Some creditors of defunct crypto exchange Mt. Gox are receiving double payments to their PayPal accounts after reimbursements commenced. Mt. Gox has admitted the error through email and is demanding the duplicate payment be returned.
Some Mt.Gox Creditors Get Double BTC
Infamously hacked crypto exchange Mt.Gox has started making bankruptcy-related creditor repayments via PayPal. A Reddit user on the Mt. Gox insolvency subreddit going by the name Mat Philips revealed that he got 30,283 JPY ($212) in his PayPal account for a claim of 0.125 in bitcoin (BTC) and Bitcoin Cash (BCH). According to his claim form, Phillips is supposed to receive a sum of 106,502 JPY ($747), so he questioned whether additional payments would be made.
Mt.Gox has also found itself at the center of a technical and potentially legal conundrum after accidentally paying settlement funds twice. Several Reddit users reported receiving double payments from Mt.Gox, alongside a request to send the extra payment back.
These users received an email from Mt. Gox Rehabilitation Trustee saying that “due to a system issue, the transfer of money to you was inadvertently made twice”. Creditors are not “authorized to receive the second transfer and are legally obligated to return the above amount to the Rehabilitation Trustee.” The Trustee reportedly demanded the extra payment be refunded “immediately”.
The Mt.Gox Saga
Launched in 2010, Tokyo-based Mt. Gox garnered popularity and became the biggest bitcoin exchange by 2013. The erstwhile dominant exchange suffered a major hack in 2014, which led to 850,000 bitcoin (BTC) — now worth roughly $36 billion — being drained.
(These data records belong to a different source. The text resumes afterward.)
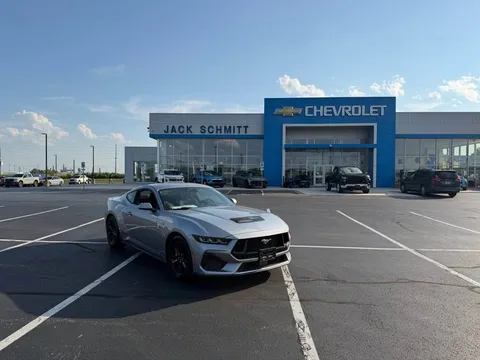2024 Ford Mustang GT Coupe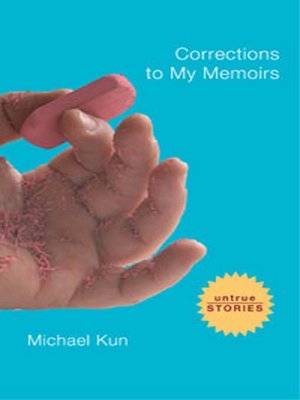 cover image of Corrections to my Memoirs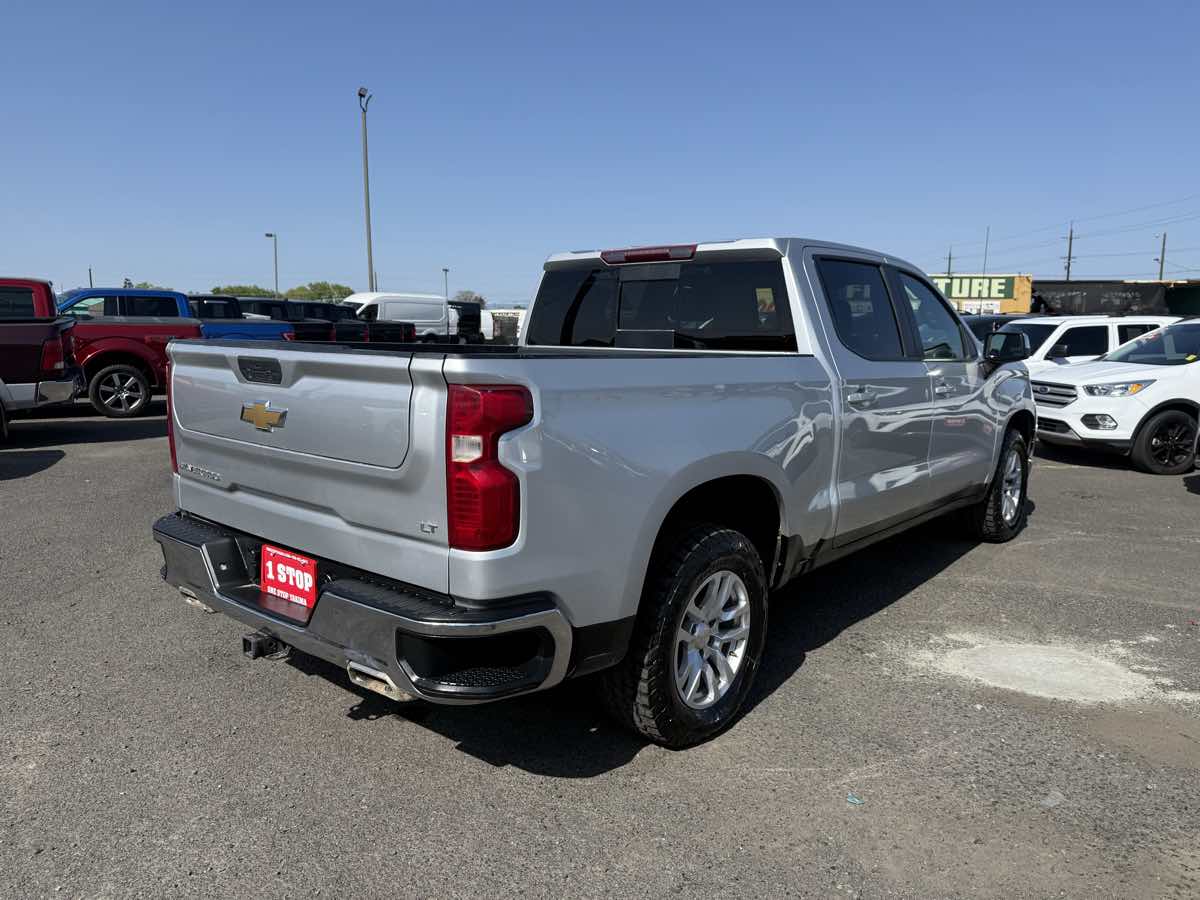 2022 Chevrolet Silverado 1500 Limited LT - Photo 6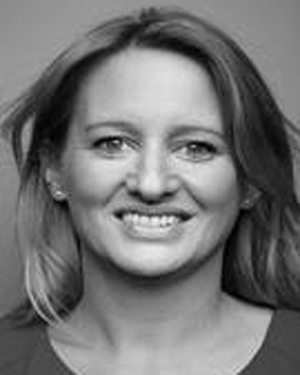 Kate Everett-Allen, Head of International Residential Research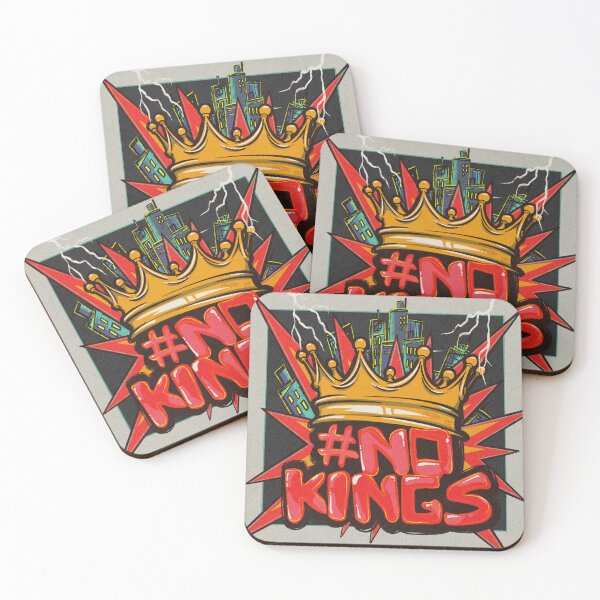 Item preview, Join the Movement. #NoKings designed and sold by KerlZ.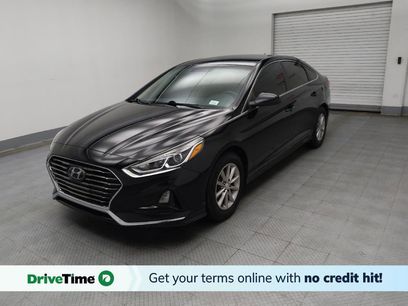 Used 2019 Hyundai Sonata SE
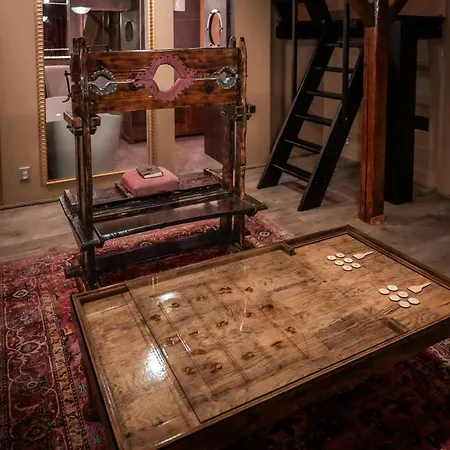 Lägenhet Oroom - Tortuga *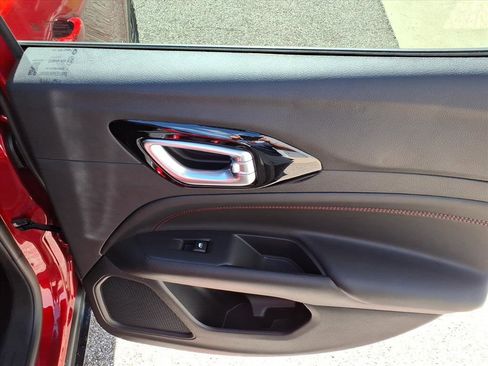 New 2026 Jeep Compass Trailhawk image 17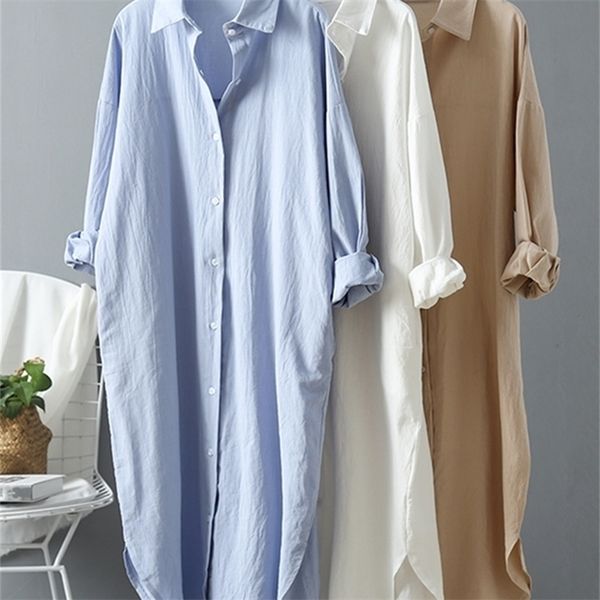 syiwidii white shirt dress for women linen cotton clothing spring summer casual vintage oversized pure long midi dresses 220811, Black;gray
syiwidii white shirt dress for women linen cotton clothing spring summer casual vintage oversized pure long midi dresses 220811, Black;gray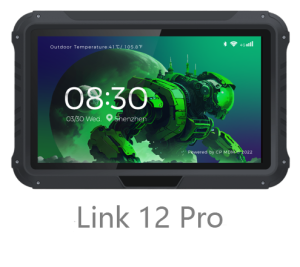 link 12.1inch rugged mount computer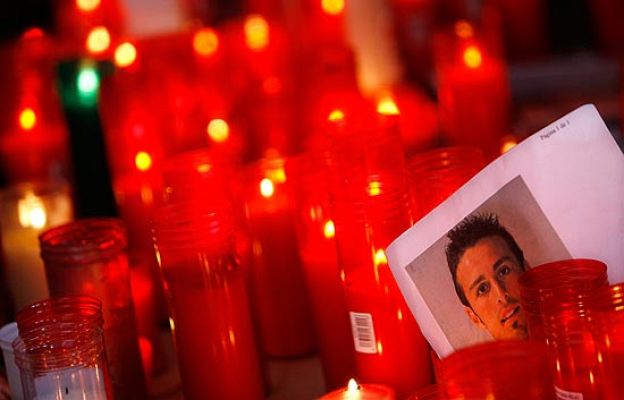  - Un año sin Antonio Puerta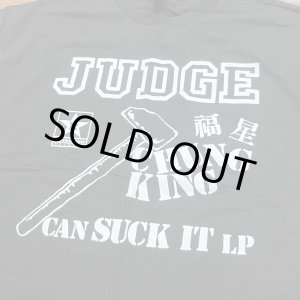 画像: JUDGE / Chung king can suck it -black- (t-shirt) Revelation  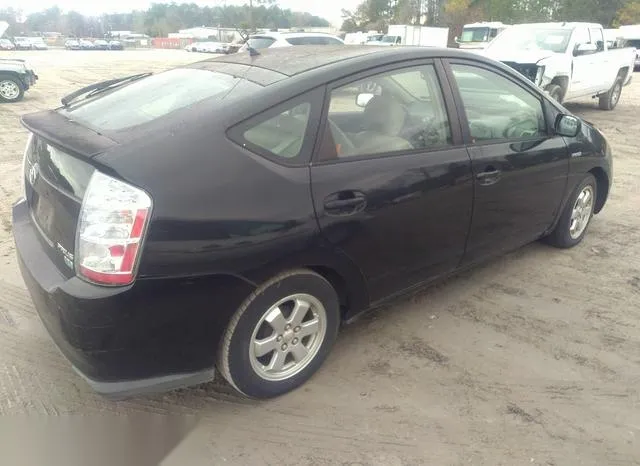 JTDKB20U467534930 2006 2006 Toyota Prius 4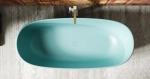 Ванна GRECA IN 180x80RAL матовая покраска по RAL полностью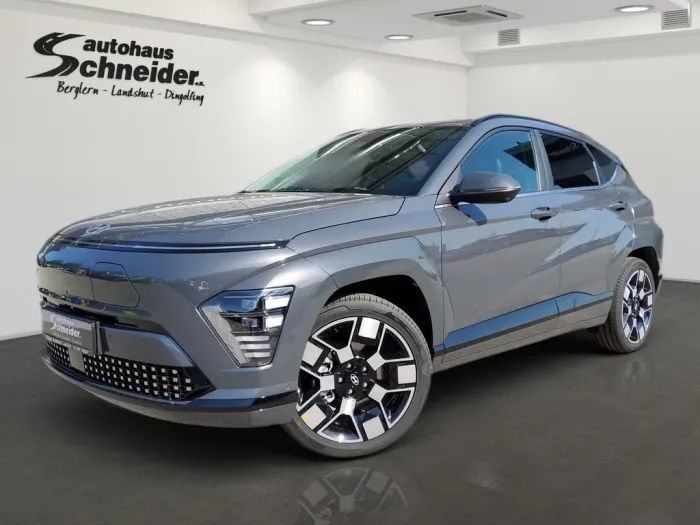 Hyundai KONA EV 65,4 kWh PRIME EGSD/HuD/EHK/ASSISTENZ/BO
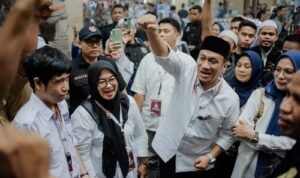 Hari Pahlawan, Masyarakat Biasa Kampanye Serentak Menangkan Ibas-Puspa di 128 Desa/Kelurahan se Lutim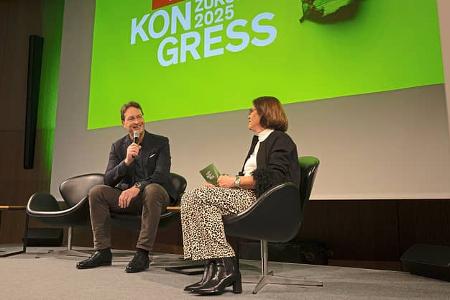 auto motor und sport Tech-Konferenz und Kongress 1.Tag 13.10.202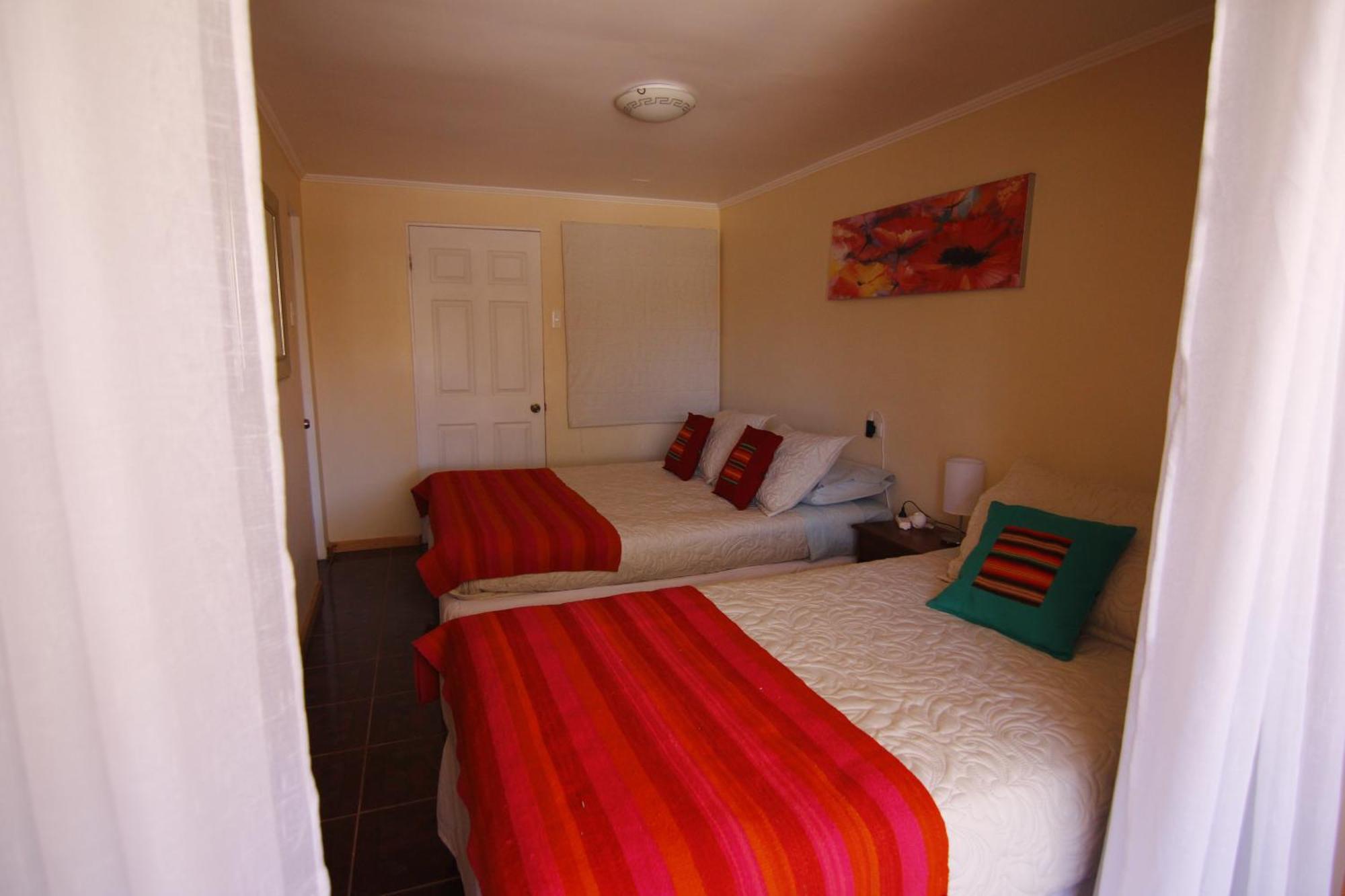 Anka Lodge Quitor San Pedro de Atacama Bagian luar foto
The hack left around 24,000 creditors in its wake, many of whom have been enthusiastically anticipating the resolution of their claims for nearly a decade.
The exchange ultimately managed to recover 142,000 BTC, 143,000 BCH ($30 million), and 69 billion Japanese yen ($465 million), which it has been planning to distribute to creditors.
In June this year, the U.S. Department of Justice charged two Russian men — Alexey Bilyuchenko and Aleksandr Verner — with criminal acts related to the hack of Mt. Gox.
Some analysts had cautioned that the Mt.Gox repayments could trigger an increase in BTC’s active supply, leading to a price correction. The premise was that creditors would swiftly liquidate their holdings, having waited for years, adding to the existing supply.